To be honest, I’m truly fed up with revising knowledge before an interview, especially object detection algorithms like SSD and YOLO. Every time I prepare for an interview in computer vision, I read about these two architectures and I can’t tell the exact differences between them. So today, I decide to put an end to this, so that I can move on with a smile :).

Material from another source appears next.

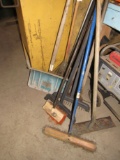 Stick Tool Lot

Obviously, you may tell that SSD is relatively obsolete nowadays. At the time I type this blog, YOLO has been so dominant in the world of object detection world. YOLO reaches its 7th version even though most of its upgrades are about things like data augmentation, preprocessing, etc. It seems to me that the core architecture has remained unchanged since YOLOv4, correct me if I’m wrong. SSD and even two stage detector like Mask-RCNN seems to fall behind YOLO for too long. So why the heck spending for this blog when YOLO is unarguably winner in this area. Well, I write this blog, as I said, to draw a clear boundary between SSD and YOLO and put my mind about this at ease. Furthermore, I think it is for my future interview, people in the industry still like to ask about these topics during interview. My next topic will be about Batch Norm.

Since there are many versions of YOLO, I will choose YOLOv1 and YOLOv3 to talk about. And I focus only on 2 aspects: architecture input/output and loss function.

I. Architecture Ouput

You may wonder why I priotize this the most (indicated by the section order). Well, as a machine learning engineer, I care less and less to training paradigm details. I only care about how the architecture tackles with the problem that I have at hand and learning about input/output is the perfect way for me to grasp the idea of what the heck this model is doing.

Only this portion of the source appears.